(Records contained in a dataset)
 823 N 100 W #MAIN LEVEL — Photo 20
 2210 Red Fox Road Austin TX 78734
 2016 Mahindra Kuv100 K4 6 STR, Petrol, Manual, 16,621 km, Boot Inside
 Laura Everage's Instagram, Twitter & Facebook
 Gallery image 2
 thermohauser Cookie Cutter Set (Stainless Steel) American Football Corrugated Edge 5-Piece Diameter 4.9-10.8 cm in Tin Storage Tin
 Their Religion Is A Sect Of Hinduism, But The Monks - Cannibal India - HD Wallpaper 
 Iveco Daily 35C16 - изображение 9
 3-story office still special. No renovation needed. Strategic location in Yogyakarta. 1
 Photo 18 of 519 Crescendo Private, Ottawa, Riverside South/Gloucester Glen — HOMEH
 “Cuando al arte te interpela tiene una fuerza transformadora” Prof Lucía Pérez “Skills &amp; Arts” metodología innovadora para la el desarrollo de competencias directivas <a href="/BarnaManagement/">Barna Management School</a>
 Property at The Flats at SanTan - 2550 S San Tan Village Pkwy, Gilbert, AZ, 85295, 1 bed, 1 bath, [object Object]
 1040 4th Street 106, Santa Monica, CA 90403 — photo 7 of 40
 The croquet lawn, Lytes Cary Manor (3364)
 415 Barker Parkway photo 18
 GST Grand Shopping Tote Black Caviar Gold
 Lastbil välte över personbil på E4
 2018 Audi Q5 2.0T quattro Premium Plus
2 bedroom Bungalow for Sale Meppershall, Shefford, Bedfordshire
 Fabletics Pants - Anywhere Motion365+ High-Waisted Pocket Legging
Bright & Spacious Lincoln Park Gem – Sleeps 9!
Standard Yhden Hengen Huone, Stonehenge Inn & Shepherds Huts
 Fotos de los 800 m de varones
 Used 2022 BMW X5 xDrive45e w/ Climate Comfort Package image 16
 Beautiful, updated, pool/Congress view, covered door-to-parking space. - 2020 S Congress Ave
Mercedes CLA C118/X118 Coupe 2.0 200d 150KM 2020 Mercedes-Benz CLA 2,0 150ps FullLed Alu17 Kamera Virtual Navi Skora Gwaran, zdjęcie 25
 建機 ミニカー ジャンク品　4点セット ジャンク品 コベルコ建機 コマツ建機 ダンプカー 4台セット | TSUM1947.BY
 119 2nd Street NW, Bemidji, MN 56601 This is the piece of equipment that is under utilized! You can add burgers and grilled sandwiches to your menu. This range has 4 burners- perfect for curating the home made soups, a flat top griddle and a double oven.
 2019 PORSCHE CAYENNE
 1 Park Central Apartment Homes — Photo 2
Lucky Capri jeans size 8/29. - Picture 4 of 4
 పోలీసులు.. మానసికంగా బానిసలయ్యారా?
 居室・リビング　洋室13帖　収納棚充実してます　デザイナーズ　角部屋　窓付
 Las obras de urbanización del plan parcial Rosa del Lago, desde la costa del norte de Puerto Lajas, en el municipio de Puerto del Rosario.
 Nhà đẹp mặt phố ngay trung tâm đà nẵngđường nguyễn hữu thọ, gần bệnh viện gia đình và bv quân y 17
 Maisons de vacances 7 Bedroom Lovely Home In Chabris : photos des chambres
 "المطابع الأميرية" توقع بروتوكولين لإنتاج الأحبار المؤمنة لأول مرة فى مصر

* What you should do: What is wanted is every line from the first line of the entries through the line that contains "Gallery image 2", given again exactly.

* Expected output:
 823 N 100 W #MAIN LEVEL — Photo 20
 2210 Red Fox Road Austin TX 78734
 2016 Mahindra Kuv100 K4 6 STR, Petrol, Manual, 16,621 km, Boot Inside
 Laura Everage's Instagram, Twitter & Facebook
 Gallery image 2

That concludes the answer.